The western European members of the Iranian nuclear deal issued a joint statement on recent Iranian moves, expressing deep concerns about the increased uranium enrichment, and warning that they were putting the chances for a deal with Biden at risk.
All the statement really did was mirror the objections of the Trump administration to Iran’s increases to its civilian nuclear program, complaining that there is “no credible civil justification” for them. And yet they are plainly purely civil in nature.
Iran’s parliament ordered increases in the program after the assassination of Mohsen Fakhrizadeh in November. His killing was believed to be an Israeli attack, and parliament wanted to express its displeasure.
The Rouhani government has tried to limit this specifically to avoid threatening a deal with Biden. Since Iran’s increased enrichment is totally reversible, there is little reason to believe that would be an obstacle.
Iran uses 20% enriched uranium to make fuel rods for the Tehran Research Reactor. Though Iran may not be in a specific moment of need for more fuel rods just now, parliament believes that the message sent is justification itself.

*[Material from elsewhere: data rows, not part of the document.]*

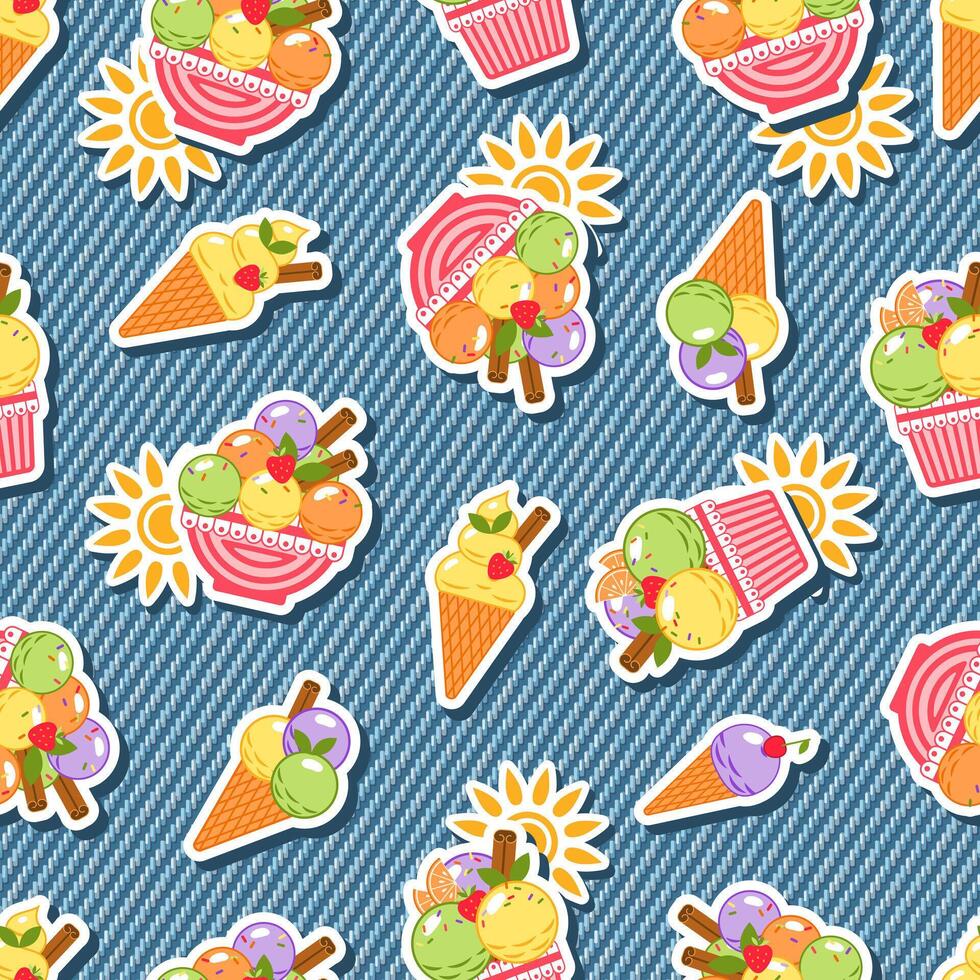 Funny seamless denim pattern with stickers with ice cream, sun icon. Detailed texture of blue jeans fabric on background. Summer design. vector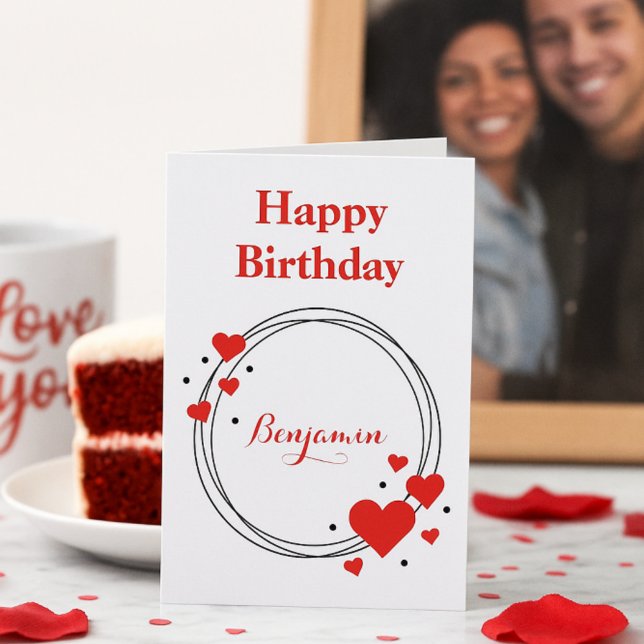 Cartes Pour Fêtes Annuelles Anniversaire des Coeurs rouges romantiques pour lu (Créateur téléchargé)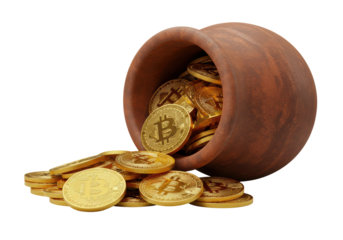 Isolated Bitcoins spilling from clay pot for crypto finance concept or virtual investing trend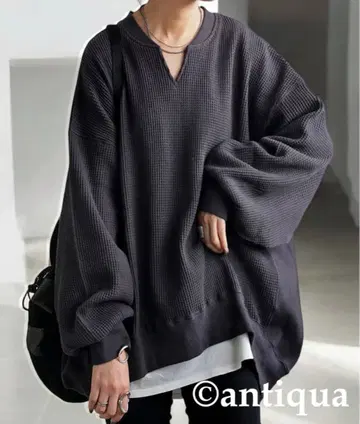 antiqua 카프탄 와플 상의 흑먹색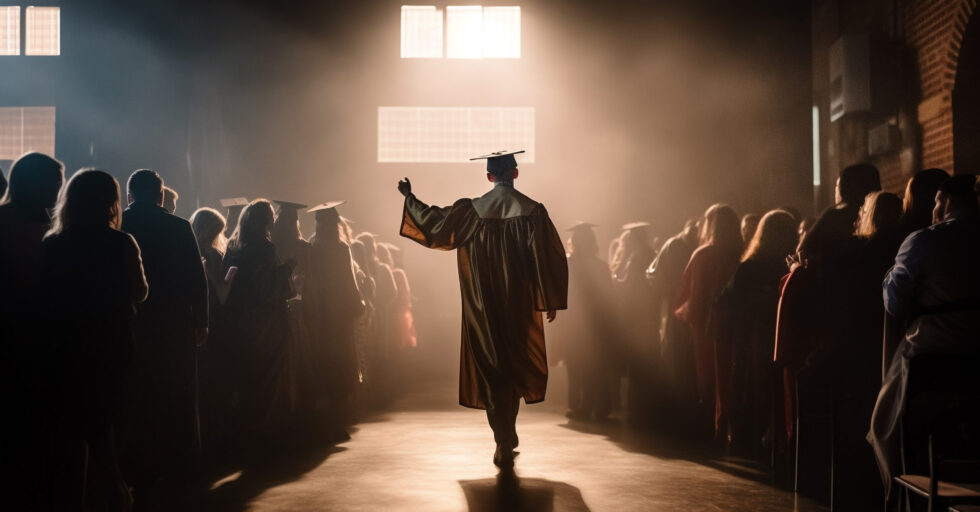 Silhouettes of men and women walking towards stage generated by AI Affordable SEO Services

20% is only for civilian use, and far short of the 90% needed for weaponization. Iran has produced up to 20% before, but never attempted to go beyond that. Claims of a military dimension are just not well-founded.
And really, that’s all that was needed to do this. Iran can either make fuel rods as needed, or dilute it back down to lower levels for more immediate use if diplomacy makes that a preferred route. None of this should negatively impact negotiations, and merely gives Iran more leverage when the talks begin.